VSHNeers create tickets in Jira directly, and ensure it’s of good enough quality to make triage easy or obsolete. Customers can create tickets either via the VSHN Portal or E-Mail to support@vshn.ch.

1st stage Triage

In the first stage of the triage process we find out whether the ticket is further triaged and refined by your team or not.

You find the link to the Jira Dashboard with all necessary filters on the wiki homepage of your team.

How we do 1st stage Triage is documented in the wiki, as this procedure is still changing a lot.

Your team handles the following interrupt based type of work:

Classification Description Action

Incident

Unplanned interruption to or quality reduction of a service

Refine task to usable state and resolve incident.

Incident Prevention

Prevent an Incident proactively. Usually with the help of monitoring / graphs, for example a disk filling up, etc.

Resolve the situation to prevent potential Incident. Create Problem task for the Home-Squad to solve the underlying issue.

Request

Request from a customer (or internally) for information, advice, a easy and standard change, or access to a service

Clarify requirements (with customer), assess (authorization, feasibility, security, effort, impact, etc.), work on and complete task. Transform into a Change if needed.

The following task are usually not considered interrupt based work and can be planned by your team:

Classification Description Action

Change

The addition, modification or removal of anything that could have an impact on a running service.

Handover to the Service Manager or the Technical Service Manager for clarification and further refinement. Assign to Home-Squad if clear which Squad.

Problem

Root-cause analysis and potential resolution planning for one or more current, potential and past Incidents

Handover to the Service Manager, the Technical Service Manager or the Product Owner for clarification and further planning. Assign to Home-Squad if clear which Squad.

Project Task

A task belonging to a running project.

Handover to the Project Manager of the project for further refinement and planning.

Everything else

Tasks not fitting into this classification table, for example: Sales, backoffice, finance and organizational development tasks, Research task and similar.
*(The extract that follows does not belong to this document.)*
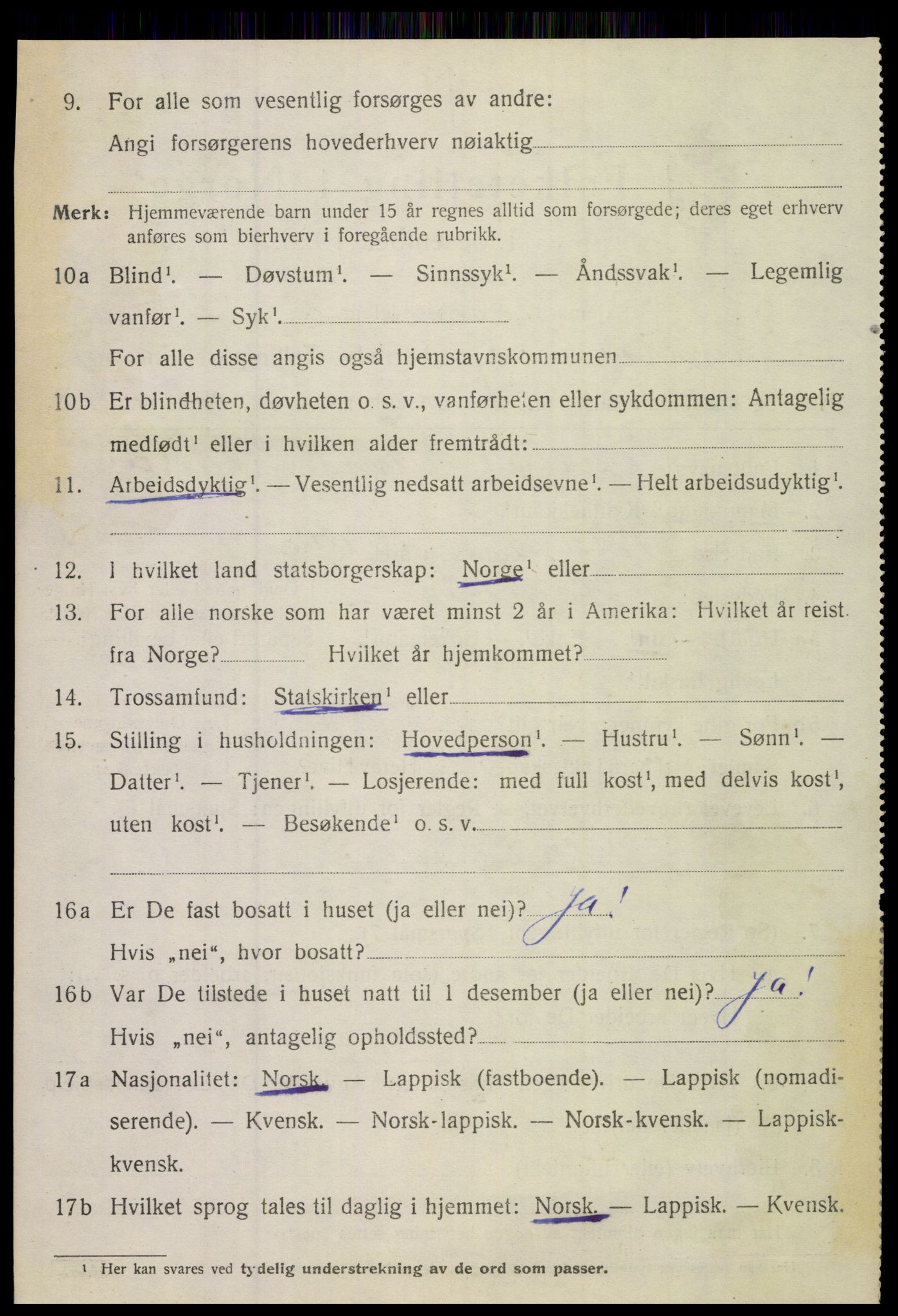 SAT, 1920 census for Hamarøy, 1920, p. 3677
Check with the creator of the ticket to handle the ticket to a point that it doesn’t longer show up in Triage filters.

2nd stage Triage

Done by the Ticket Triage VSHNeer or the VSHNeer starting to work on a urgent ticket for all tickets that come from 1st stage Triage
Depending on the urgency, resolving the Incident is usually more important than refining the ticket.

Goals
  • Ensure ticket quality

    • Make it possible to review tickets (task deliverables, reproduce issue, etc.)

    • Eliminate misunderstandings between customer / VSHN

    • Make tickets look the same, where useful. No one likes to start working on ugly tickets

  • Have estimates on bigger tasks

    • Make it possible to escalate when estimate is reached soon

  • Actually Select the ticket, so that it appears on Kanban Board

How we do 2nd stage Triage is documented in the wiki, as this procedure is still changing a lot.

How we work with tickets

Once tickets went through Ticket Triage, they either appear on our Kanban board or as New tickets in your team. It’s up to your team how you actually plan and work on your tasks.

Creating tickets for other teams

  • Create the new ticket correctly (squad, blocks, summary, template, etc.) - basically the ticket has 2nd stage Triage quality.

  • Add a follows link to the original task - which was the reason for creating this task

  • Assign the ticket to the other team

  • Leave the ticket in the New state

    • Tickets in "New" state must not have any time logged on them. You must log time on the previous ticket instead.

    • When unsure whether the ticket is seen and picked up by the other team, inform the team about the new ticket

    • It’s up to the teams how they see and handle such tickets, usually they have daily e-mail notification for New tickets and go over all New tickets in the weekly planning.

Leaving tickets in the New state is crucial. Only then tickets pop-up in filters of other teams and can get e-mail notified automatically. Also it’s the team’s job to decide what they do with such a ticket.